Correspondance de Voltaire/1750/Lettre 2124

Correspondance de Voltaire/1750
Correspondance : année 1750, Texte établi par Condorcet, GarnierŒuvres complètes de Voltaire, tome 37 (p. 174-175).

2124. — À M. LE COMTE D’ARGENTAL.
À Berlin, ce 14 septembre.

Vous devez, mon cher et respectable ami, avoir reçu plusieurs lettres de moi, et Mme Denis doit vous en avoir rendu une : elle doit vous avoir dit que je vous sacrifie le pape ; mais, pour le roi de Prusse, cela est impossible.

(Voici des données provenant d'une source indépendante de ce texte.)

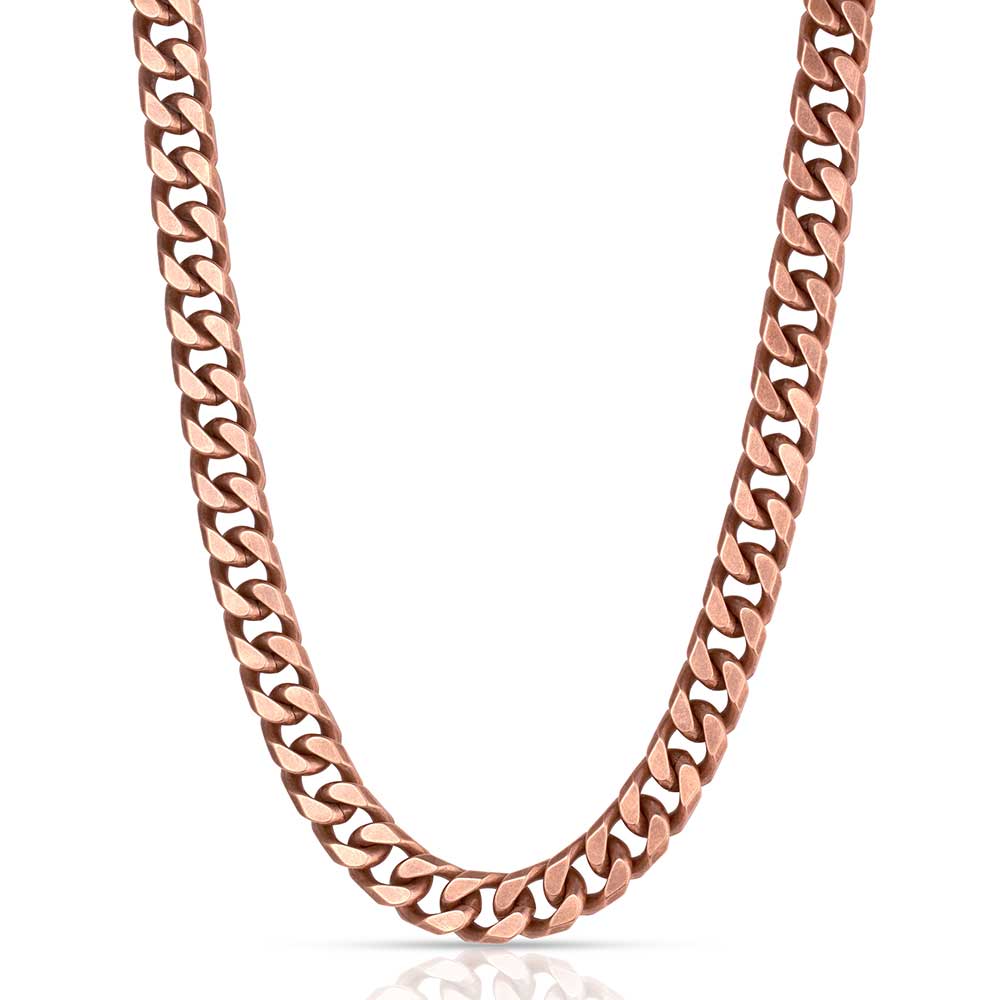 Montana Silversmiths Chain Necklace STYLE NC6598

Je n’irai point en Italie, cet automne, comme je l’avais projeté. Je viendrai vous voir au mois de novembre ; j’aurai la consolation de passer l’hiver avec vous, et je reverrai souvent ma patrie, parce que vous y demeurez. J’ai remis mon voyage d’Italie à un an, et je vous embrasserai, par conséquent, dans un an. Ces points de vue-là sont bien agréables, et les voyages sont charmants quand on vous retrouve au bout. L’Italie et le roi de Prusse sont chez moi de vieilles passions qu’il faut satisfaire ; mais je ne peux traiter Frédéric le Grand comme le saint-père ; je ne peux le voir en passant. Je vous répète encore que vous approuverez mes raisons ; oui, vous me plaindrez de m’être séparé de vous, et vous ne pourrez me condamner. Je ne sais comment vont les tracasseries de Lekain. Pour nous, nous jouons ici Rome sauvée sans tracasserie ; je gronde comme je faisais à Paris, et tout va bien. Nous avons déjà fait trois répétitions ; j’essayerai le rôle d’Aurélie, et au mois de novembre vous en jugerez. Je retrouverai mon petit théâtre ; nous tâcherons d’amuser Mme d’Argental. Tout ce tracas-là fait du bien à la santé. Voyager et jouer la comédie vaut presque les pilules de Stahl. Qu’est-ce que trois ou quatre cents lieues ? Bagatelles. Voyez les Romains, ces anciens maîtres de nous autres barbares : ils couraient de Rome en Afrique, au fond des Gaules, dans l’Asie ; c’était une promenade. Nous nous effrayons d’aller à dix lieues. Les Parisiens sont de francs sybarites. Vive le roi de Prusse, il va à Königsberg comme vous allez à Neuilly ; mais, mes anges, de tous ces voyages, les plus gais seront ceux que je ferai pour vous. Messieurs de Neuilly, je suis à vous pour la vie. Mandez-moi des nouvelles de la santé de Mme d’Argental.

Adieu, adieu ; aimez-moi toujours, je vous en prie.